Is there an almost strongly zero-dimensional space which is not strongly zero-dimensional A Tychonoff space $X$ is called strongly zero-dimensional if each functionally closed subset $F$ of $X$ is a $C$-set, which means that $F$ is the intersection of a sequences of clopen sets in $X$.
A Tychonoff space $X$ is called almost strongly zero-dimensional if each functionally closed subset of $X$ is the union of a sequence of $C$-sets.

Question. Does there exists a (metrizable separable) Tychonoff space which is almost strongly zero-dimensional but not strongly zero-dimensional?

This problem was posed on 30.11.2019 by Olena Karlova (from Chernivtsi) on page 35 of Volume 3 of the Lviv Scottish Book.
Prize. A portrait of a mathematician who will solve this problem :)
 A: Not an answer, but this may be helpful:
Theorem 1. If $X$ is a Lindelöf Tychonoff almost strongly zero-dimensional space, then the  following are equivalent:
(i) $X$ is strongly zero-dimensional;
(ii) $X$ is almost zero-dimensional, that is, $X$ has a neighborhood basis of C-sets.
Proof. (i)$\Rightarrow$(ii) is trivial, and the converse follows from Theorem 4.3 in this paper (we assume separable metrizable there, but Lindelöf should be enough). $\square$
In light of Taras Banakh's comment above, for separable metrizable spaces I believe the question is: If $X$ is separable metrizable and $f:X\to Y$ is a continuous bijection onto a zero-dimensional space $Y$ which maps open sets to $G_\delta$-sets, then is $X$ almost zero-dimensional?
Theorem 2. Every almost strongly zero-dimensional homogeneous Polish space $X$ is (strongly) zero-dimensional.
Proof.
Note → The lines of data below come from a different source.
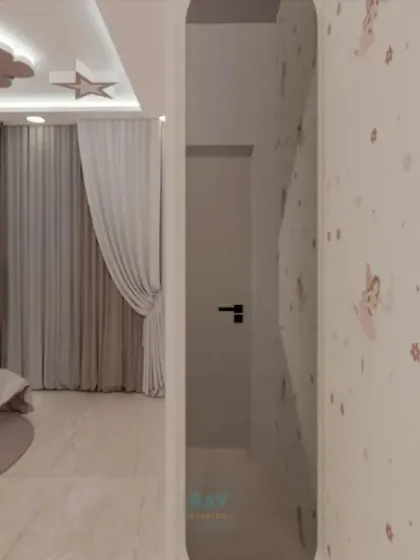 A view of a whimsical kids' room with a pink and white theme, featuring a cloud and star-themed false ceiling.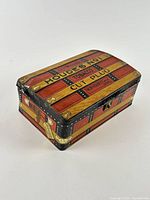 Three-quarter view highlighting hinged lid and trunk design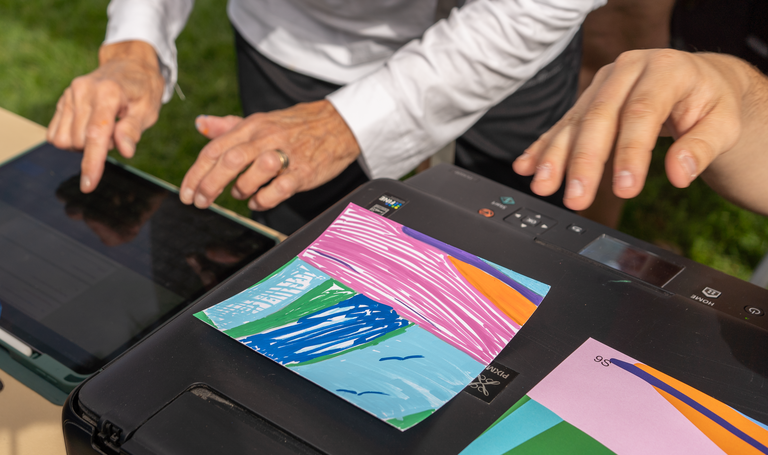 Close up of hands and a printer with mural tiles to be scanned.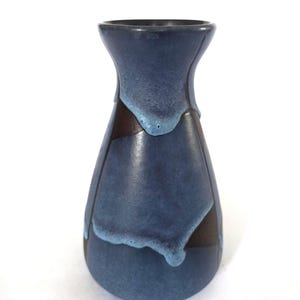 May include: A blue ceramic vase with a dark brown accent. The vase has a unique shape, with a narrow neck and a wider body. The blue glaze has a dripped effect, adding visual interest. The vase is set against a white background.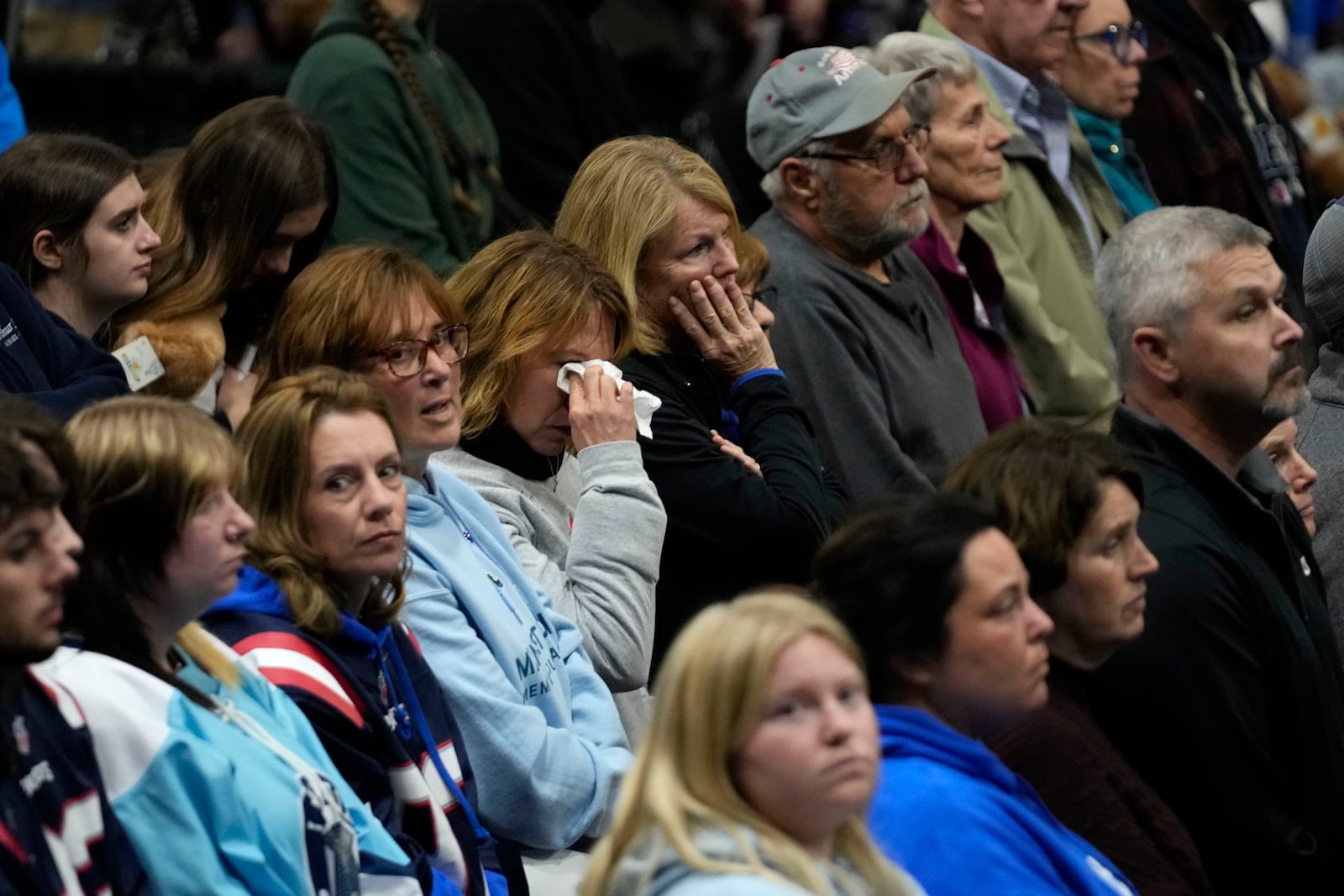 A woman wipes tears during the playing of Amazing Grace at a commemoration event to mark the one year anniversary of the mass shooting in Lewiston, Maine, Friday, Oct. 25, 2024. (AP Photo/Robert F. Bukaty)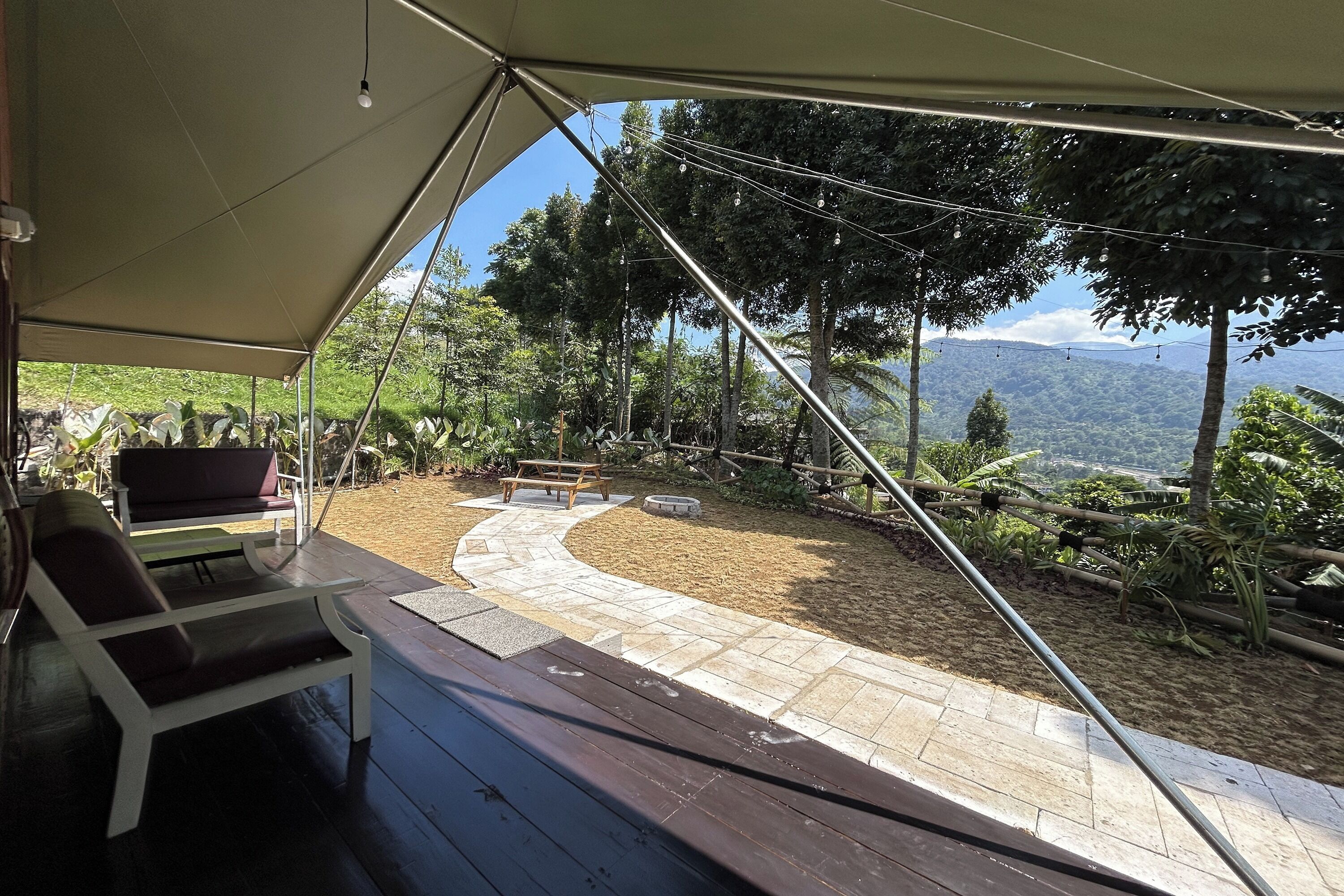 A covered outdoor area with a wooden bench, a lounge chair, and a paved pathway leading to a scenic view.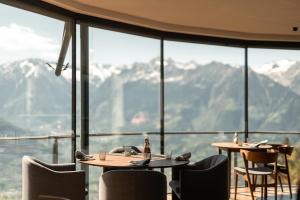 a restaurant with tables and chairs and a view of mountains at Miramonti Boutique Hotel in Avelengo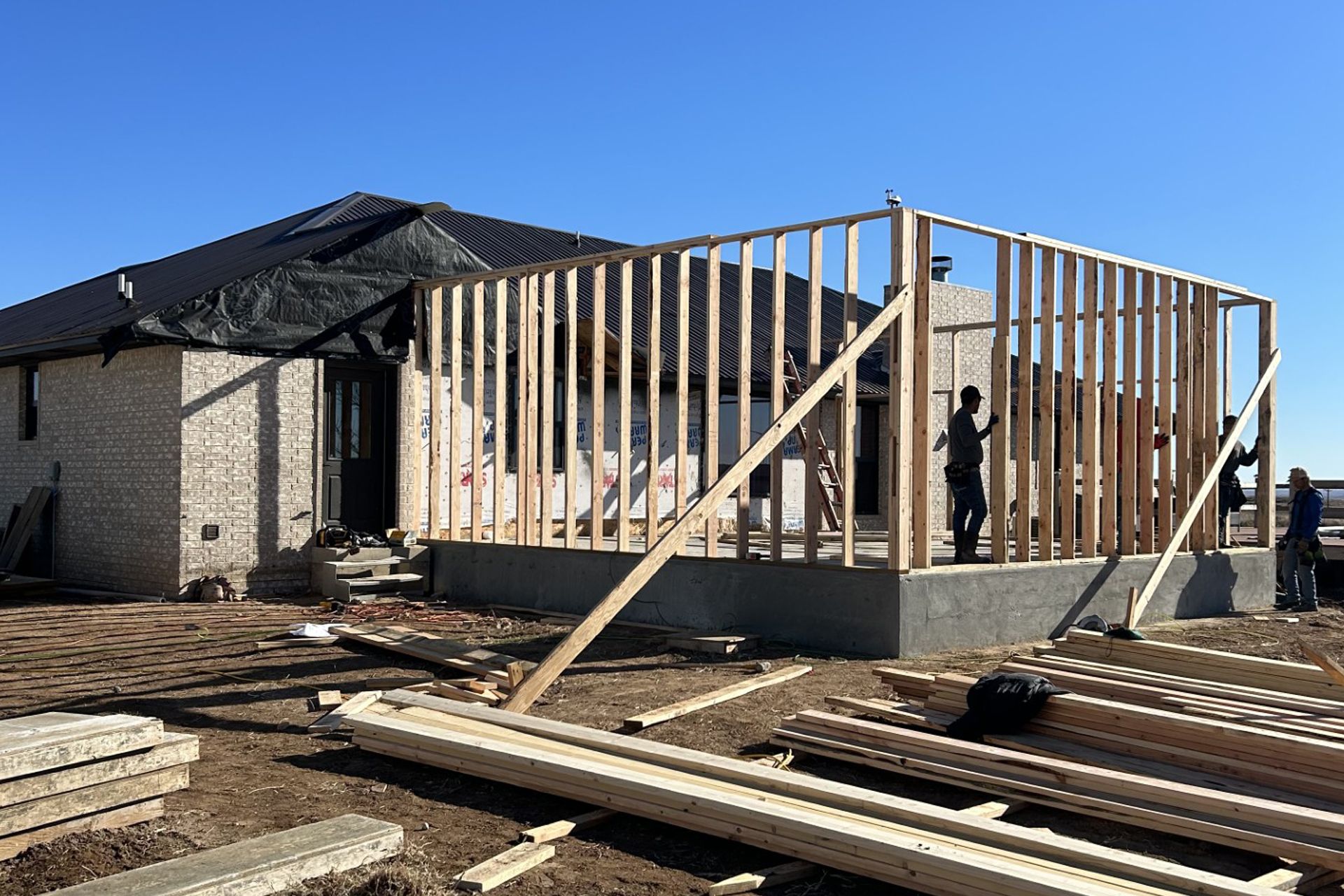 A house is being built with a lot of wood in front of it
If $U$ is any open subset of $X$, then $U$ is a $\sigma$C-set, so by the Baire property there is a C-set $F\subseteq U$ which contains a non-empty open set.  Continuing this process we construct C-sets $F_n$ such that $F_{n+1}\subseteq F^\mathrm{o}_n$ and $\text{diam}(F_n)\leq 1/n$ in a complete metric.  Then there exists $x\in \bigcap F_n$, and $x$ has a neighborhood basis of C-sets.  By homogeneity, $X$ is almost zero-dimensional, so by Theorem 1 $X$ is strongly zero-dimensional. $\square$
More generally it is true that each almost strongly zero-dimensional Polish space is zero-dimensional at a dense $G_\delta$-set of points.